Intisari-Online.com- Mulai 28 November 2016, revisi Undang-Undang Nomor 11 Tahun 2008 tentang Informasi dan Transaksi Elektronik (ITE) diberlakukan. Apa saja yang diubah dalam revisi UU ITE? Berikut penjelasannya.
Pertama, sesuai Pasal 5 ayat (1) dan ayat (2), mengenai keberadaan informasi dan/atau dokumen elektronik adalah alat bukti hukum yang sah.
Kedua, penurunan tindak pidana dan denda pada Pasal 27 ayat (3) tentang konten yang memuat dan/atau penghinaan nama baik dan Pasal 29 tentang ancaman kekerasan atau menakut-nakuti menjadi 4 tahun penjara dan dengan Rp750 juta.
Ketiga, untuk menghindari multitafsir (salaf tafsir) terhadap Pasal 27 ayat (3), dilakukan 3 (tiga) perubahan ditambahkan penjelasan atas istilah "mendistribusikan, mentransmisikan dan/atau membuat dapat diaksesnya Informasi Elektronik", menegaskan bahwa ketentuan tersebut adalah delik aduan bukan delik umum, dan menegaskan bahwa unsur pidana pada ketentuan tersebut mengacu pada ketentuan pencemaran nama baik dan fitnah yang diatur dalam KUHP.

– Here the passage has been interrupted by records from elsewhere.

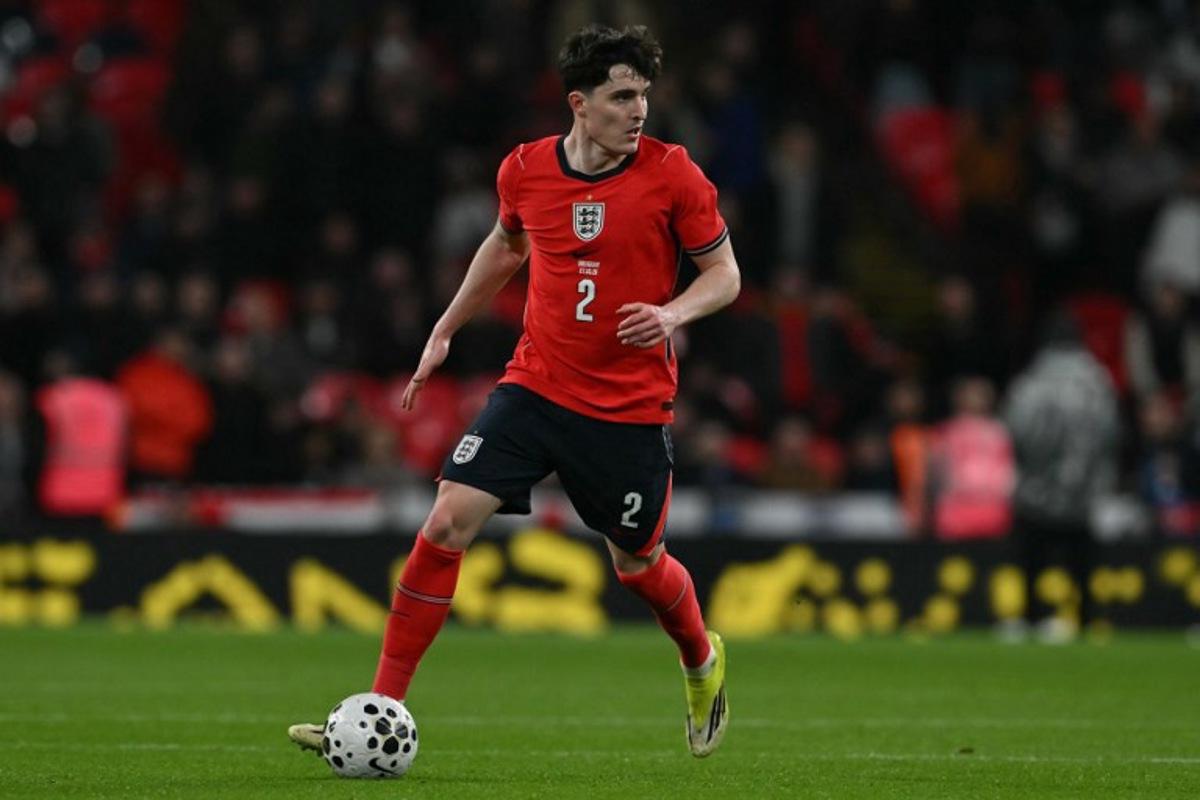 England's defender Tino Livramento looks to play a pass during the friendly International football match between England and Uruguay at Wembley Stadium, west London, on March 27, 2026. Glyn KIRK / AFP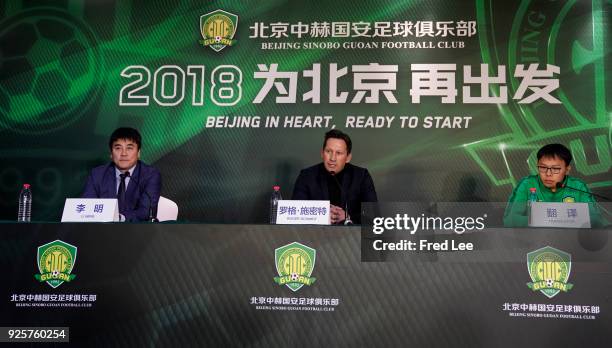 Li Ming , General Manager of Beijing Sinobo Guoan FC and Head coach of Beijing Guoan Roger Schmidt attend a press conference at Worker's Stadium on...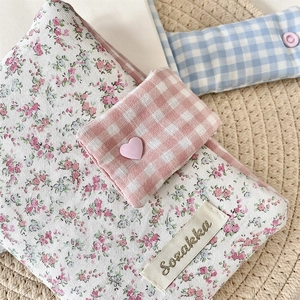 Macro detail of floral fabric journal cover with pink checkered flap and heart button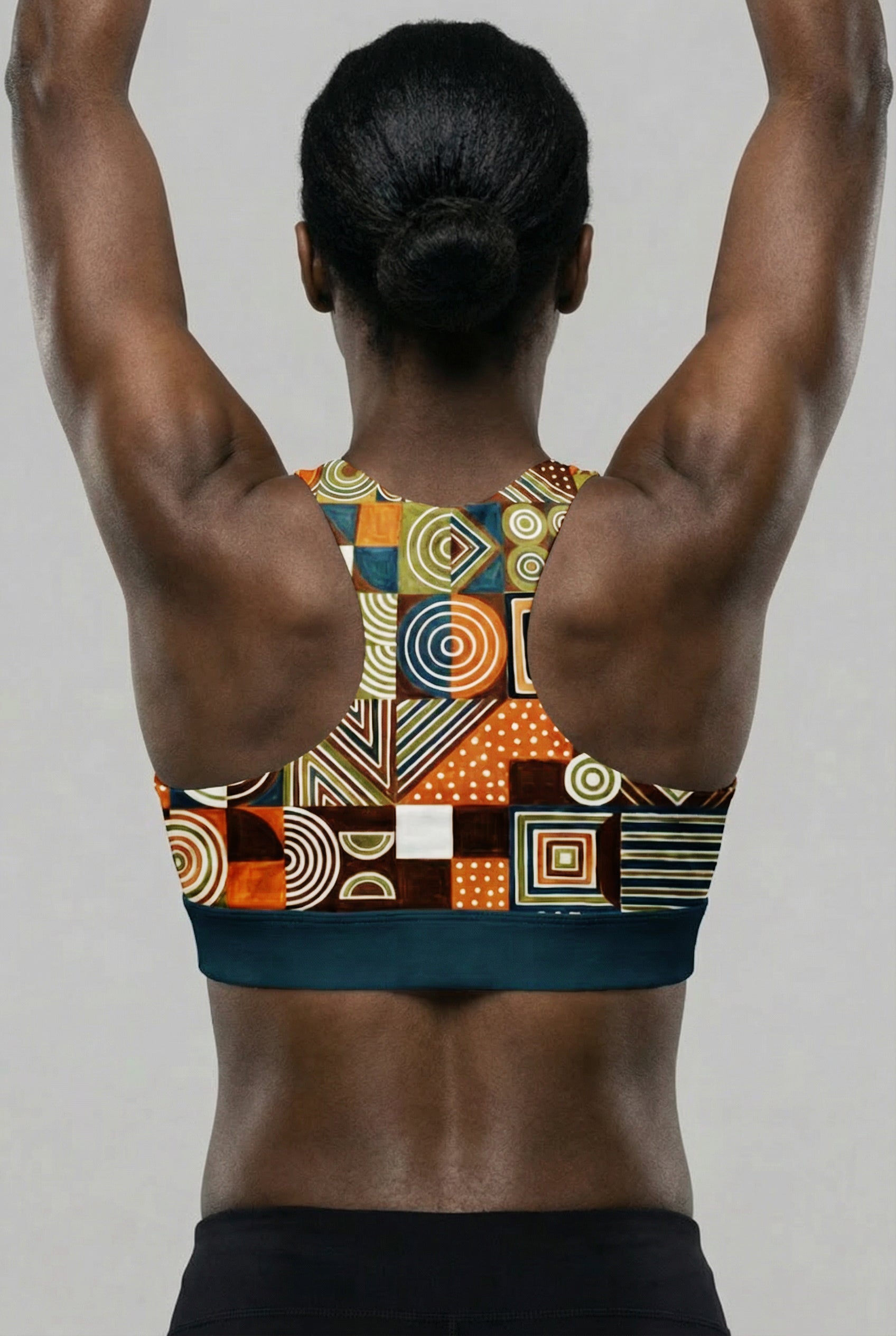 Person wearing a colorful geometric-patterned sports bra against a plain background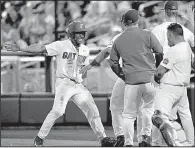  ?? AP/MATT RYERSON ?? Florida’s Andrew Baker is congratula­ted by teammates after scoring a run in the eighth inning on a hit batter Tuesday night in Game 2 of the College World Series championsh­ip series at Omaha, Neb. The Gators won 6-1 to claim their first national title.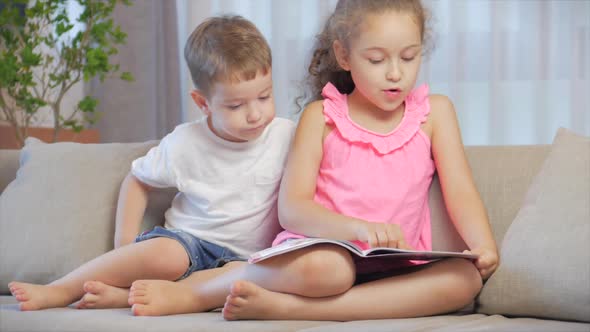 Cute Children,sister with a Younger Brother, Looking at a Book Magazine Textbook Dictionary Tablet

Keempat, tentang penyidikan di Pasal 43 ayat (5) dan ayat (6), ketentuan hukum acara sesuai KUHAP adalah penggeledahan dan/atau penyitaan yang semula harus mendapatkan izin Ketua Pengadilan Negeri setempat dan penangkapan penahanan yang semula harus meminta penetapan Ketua Pengadilan Negeri setempat dalam waktu 1x24 jam.

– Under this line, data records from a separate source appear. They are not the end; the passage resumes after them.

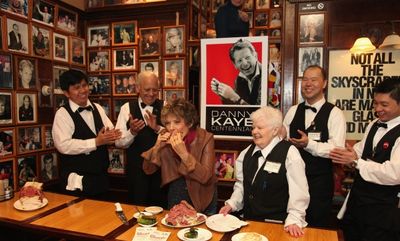 Dena Kaye (center) eats the first Danny Kaye Deli Club. Photo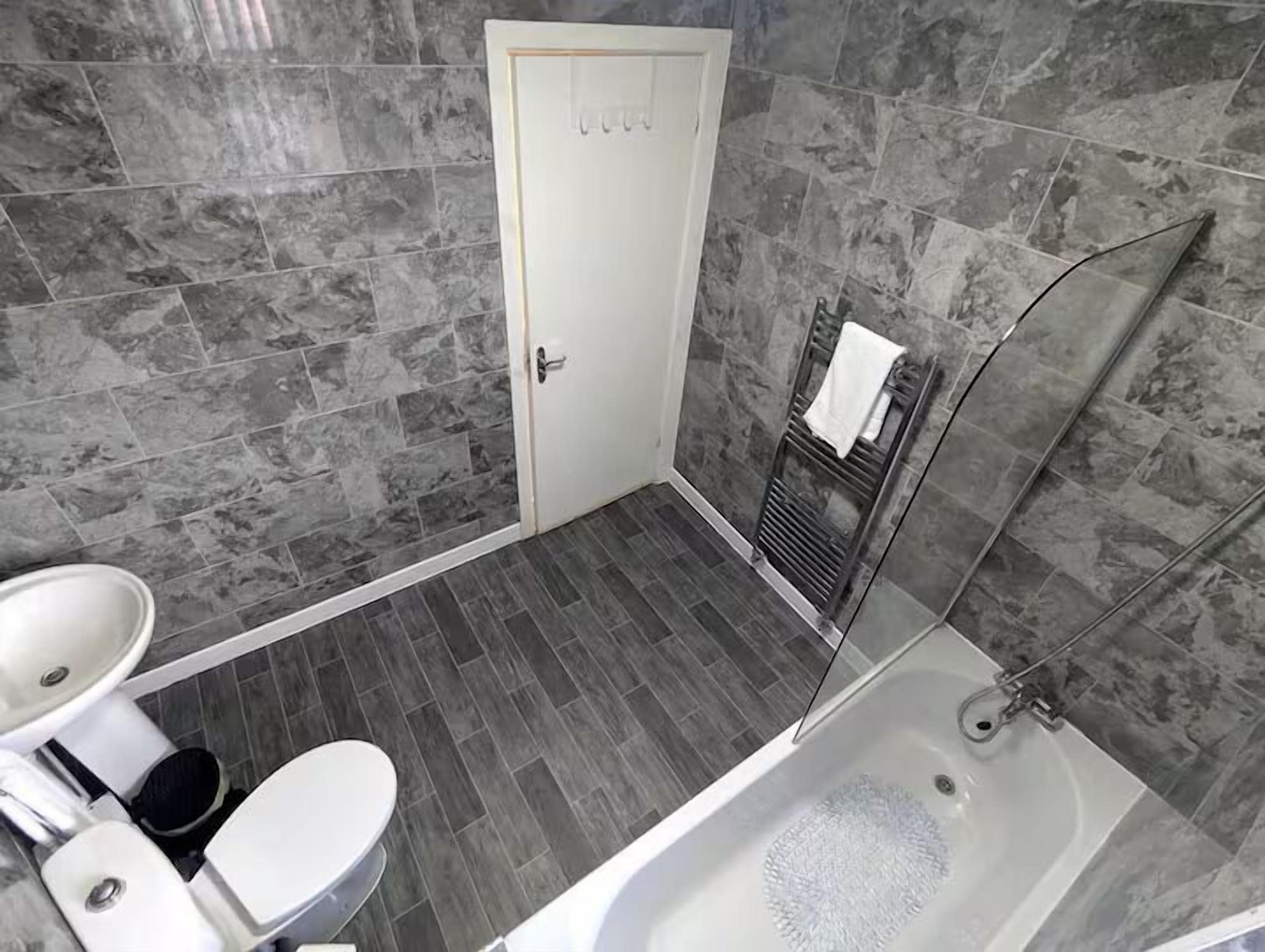 A bathroom with a bathtub, toilet, and sink.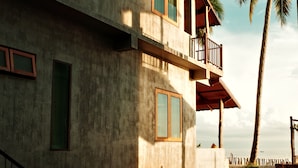 A two-story building with a balcony, a staircase, and a sandy ground. - Laemsui Beach (Chaiya)
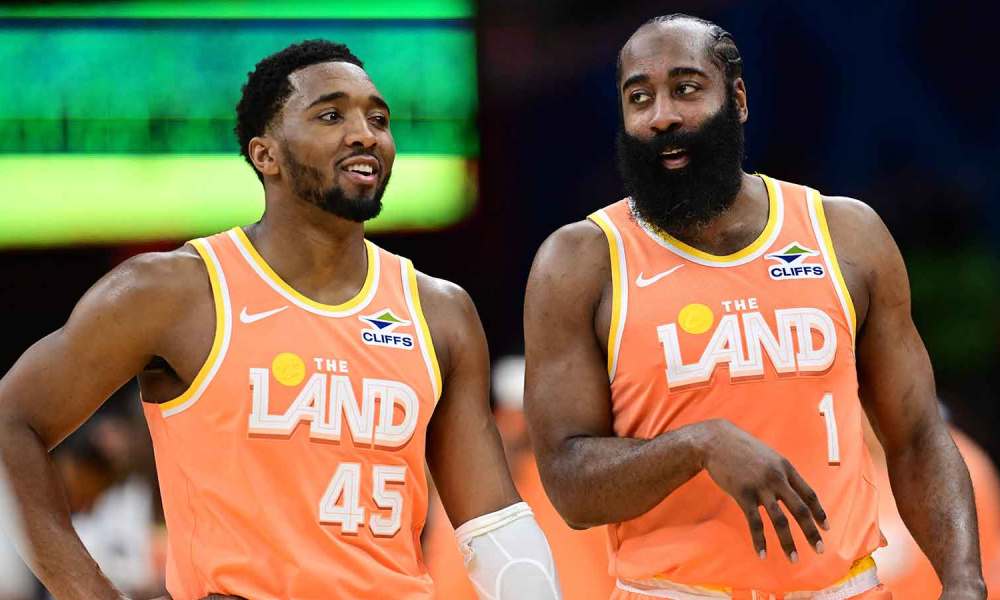 Cleveland Cavaliers guard Donovan Mitchell (45) and guard James Harden (1) talk during a free throw attempt during the second half against the Orlando Magic at Rocket Arena with Cavs 2026-27 and the Knicks logo in the background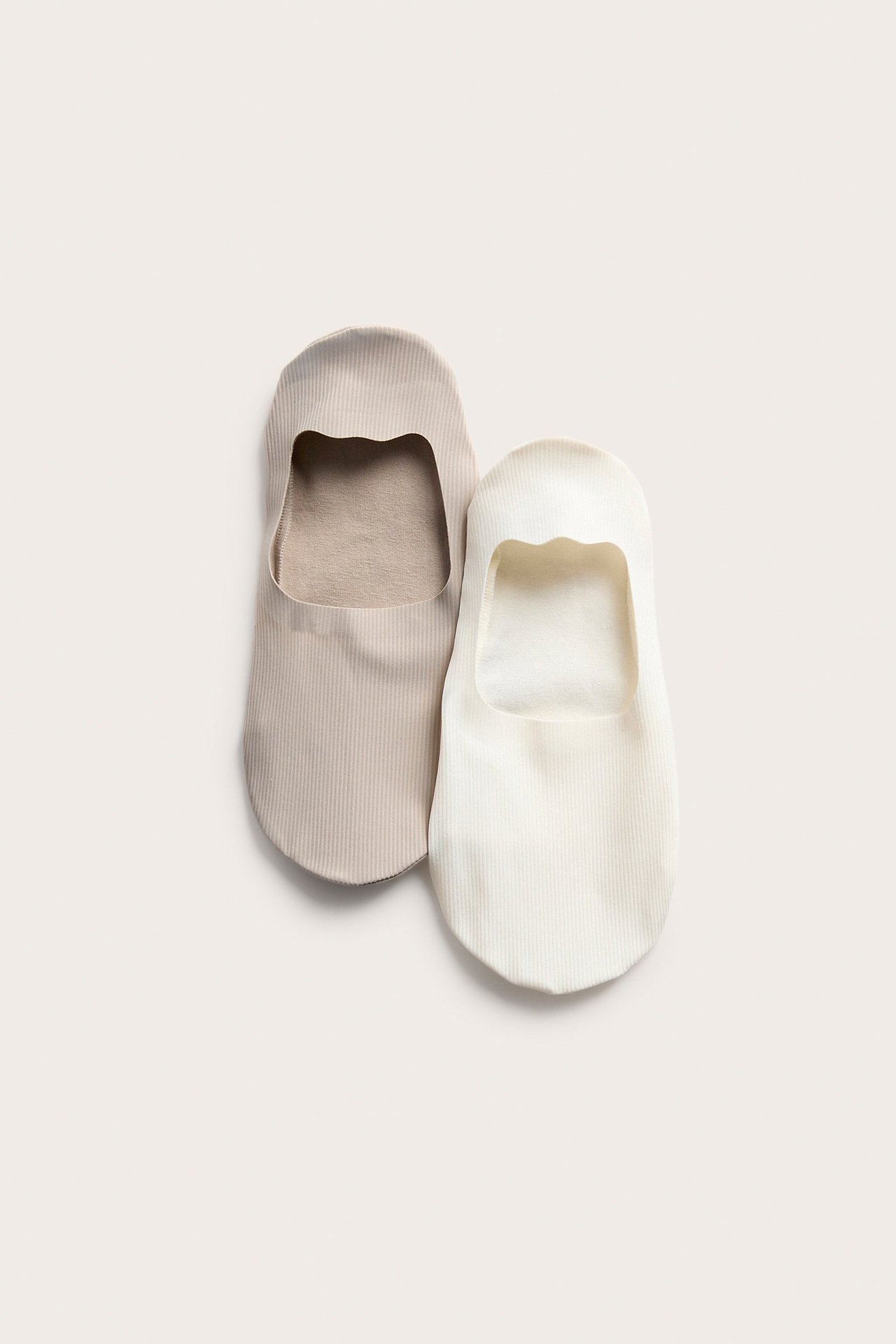 Yleiskuva kahdesta ribatusta, matalasta huomaamattomasta sukasta, väreissä luonnonvalkoinen ja vaalea beige.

Kelima, untuk memperkuat peran Penyidik Pegawai Negeri Sipil (PPNS) dalam Pasal 43 ayat (5) ditambahkan antara lain kewenangan membatasi atau memutuskan akses terkait dengan tindak pidana teknologi informasi dan kewenangan meminta informasi dari Penyelenggara Sistem Elektronik terkait tindak pidana teknologi informasi.
Keenam, menambahkan ketentuan mengenai “hak yang dilupakan” pada ketentuan Pasal 26 bahwa setiap Penyelenggara Sistem Elektronik wajib menghapus Informasi Elektronik yang tidak relevan yang berada di bawah kendalinya atas permintaan orang yang bersangkutan berdasarkan penetapan pengadilan dan wajib menyediakan mekanisme penghapusan Informasi Elektronik yang sudah tidak relevan.

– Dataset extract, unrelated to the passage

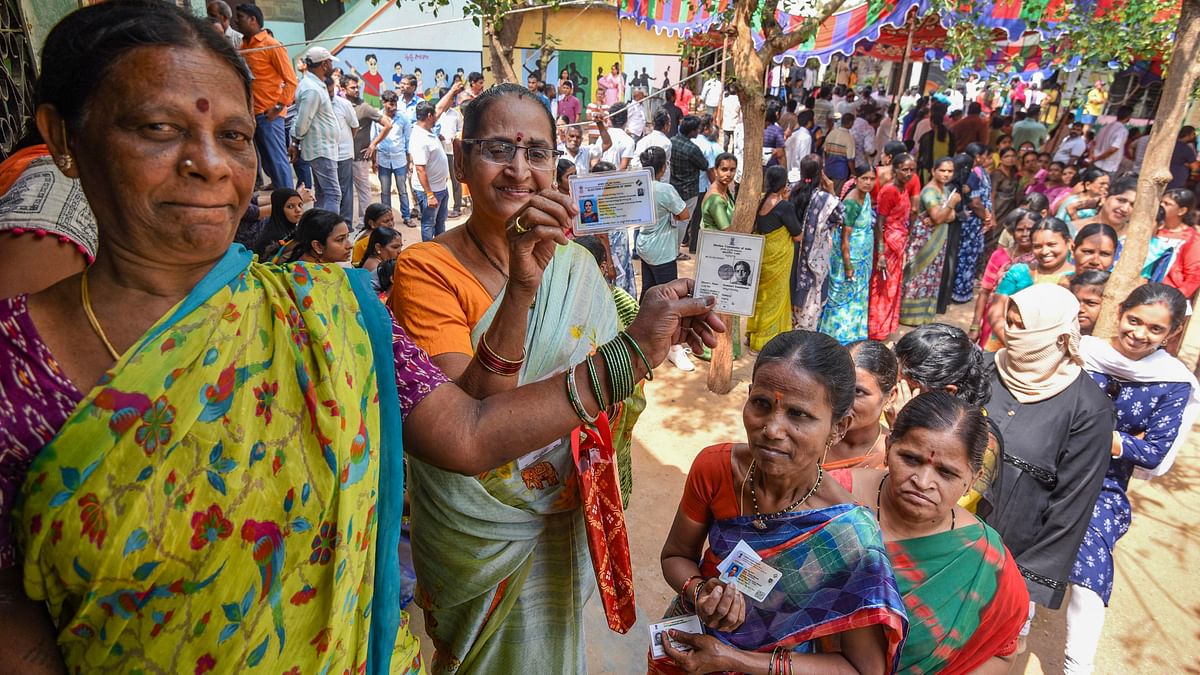 Voters show their identification cards as they stand in a queue at a polling station to cast their votes for the fourth phase of Lok Sabha elections, in Hyderabad.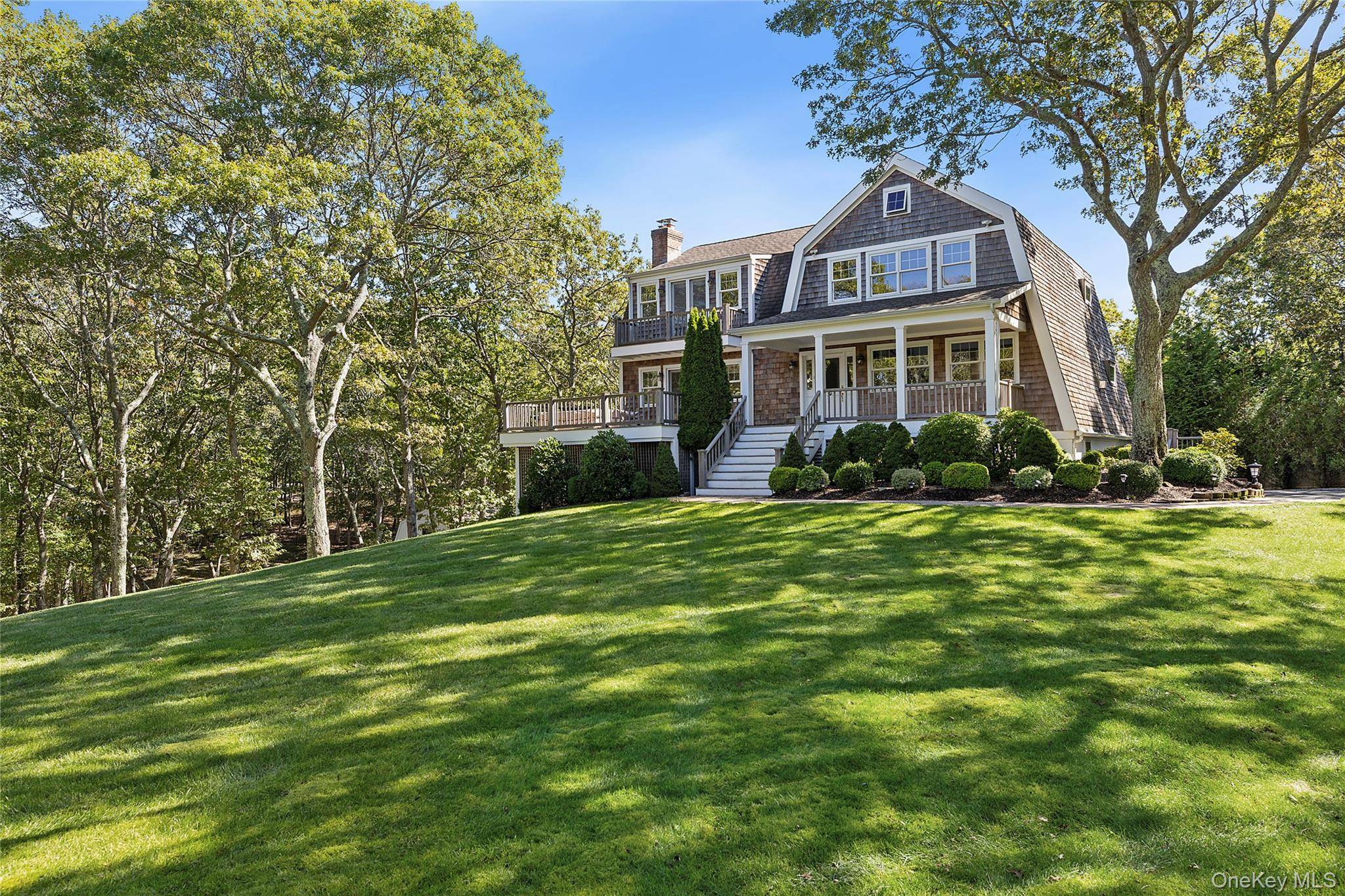 Welcome to 22 Old Trail Road, a charming beach cottage style residence of 4 bedrooms plus den and 3.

Ketujuh, untuk memperkuat peran Pemerintah dalam memberikan perlindungan dari segala jenis gangguan akibat penyalahgunaan ITE, pada Pasal 40 disisispkan kewenangan tambahan adalah Pemerintah wajib melakukan pencegahan penyebarluasan Informasi Elektronik yang memiliki muatan yang dilarang dan berwenang melakukan pemutusan akses dan/atau memerintahkan kepada Penyelenggara Sistem Elektronik untuk melakukan pemutusan akses terhadap Informasi Elektronik yang memiliki muatan yang melanggar hukum.
Semua sarana eletronik yang bisa dijadikan obyek UU ITE adalah SMS, media sosial, e-mail, dan mailing-list.